# 25-1 Transitive closure of a dynamic graph

Suppose that we wish to maintain the transitive closure of a directed graph $G = (V, E)$ as we insert edges into $E$. That is, after each edge has been inserted, we want to update the transitive closure of the edges inserted so far. Assume that the graph $G$ has no edges initially and that we represent the transitive closure as a boolean matrix.

a. Show how to update the transitive closure $G^* = (V, E^*)$ of a graph $G = (V, E)$ in $O(V^2)$ time when a new edge is added to $G$.

b. Give an example of a graph $G$ and an edge $e$ such that $\Omega(V^2)$ time is required to update the transitive closure after the insertion of $e$ into $G$, no matter what algorithm is used.

c. Describe an efficient algorithm for updating the transitive closure as edges are inserted into the graph. For any sequence of $n$ insertions, your algorithm should run in total time $\sum_{i = 1}^n t_i = O(V^3)$, where $t_i$ is the time to update the transitive closure upon inserting the $i$th edge. Prove that your algorithm attains this time bound.

a.

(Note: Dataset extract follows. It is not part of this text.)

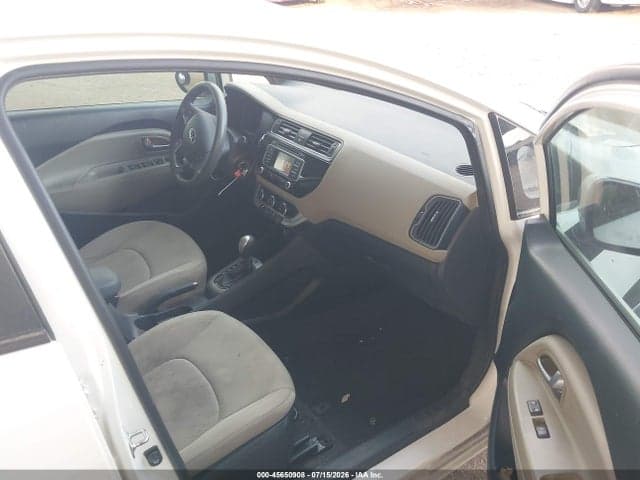 2016 KIA RIO EX 5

We can update the transitive closure in time $O(V^2)$ as follows. Suppose that we add the edge $(x_1, x_2)$. Then, we will consider every pair of vertices $(u, v)$. In order to of created a path between them, we would need some part of that path that goes from $u$ to $x_1$ and some second part of that path that goes from $x_2$ to $v$. This means that we add the edge $(u, v)$ to the transitive closure if and only if the transitive closure contains the edges $(u, x_1)$ and $(x_2, v)$. Since we only had to consider every pair of vertices once, the runtime of this update is only $O(V^2)$.

b. Suppose that we currently have two strongly connected components, each of size $|V| / 2$ with no edges between them. Then their transitive closures computed so far will consist of two complete directed graphs on $|V| / 2$ vertices each. So, there will be a total of $|V|^2 / 2$ edges adding the number of edges in each together. Then, we add a single edge from one component to the other. This will mean that every vertex in the component the edge is coming from will have an edge going to every vertex in the component that the edge is going to. So, the total number of edges after this operation will be $|V| / 2 + |V| / 4$ So, the number of edges increased by $|V| / 4$. Since each time we add an edge, we need to use at least constant time, since there is no cheap way to add many edges at once, the total amount of time needed is $\Omega(|V|^2)$.

c. We will have each vertex maintain a tree of vertices that have a path to it and a tree of vertices that it has a path to. The second of which is the transitive closure at each step. Then, upon inserting an edge, $(u, v)$, we will look at successive ancestors of $u$, and add $v$ to their successor tree, just past $u$. If we ever don't insert an edge when doing this, we can stop exploring that branch of the ancestor tree. Similarly, we keep doing this for all of the ancestors of $v$. Since we are able to short circuit if we ever notice that we have already added an edge, we know that we will only ever reconsider the same edge at most $n$ times, and, since the number of edges is $O(n^2)$, the total runtime is $O(n^3)$.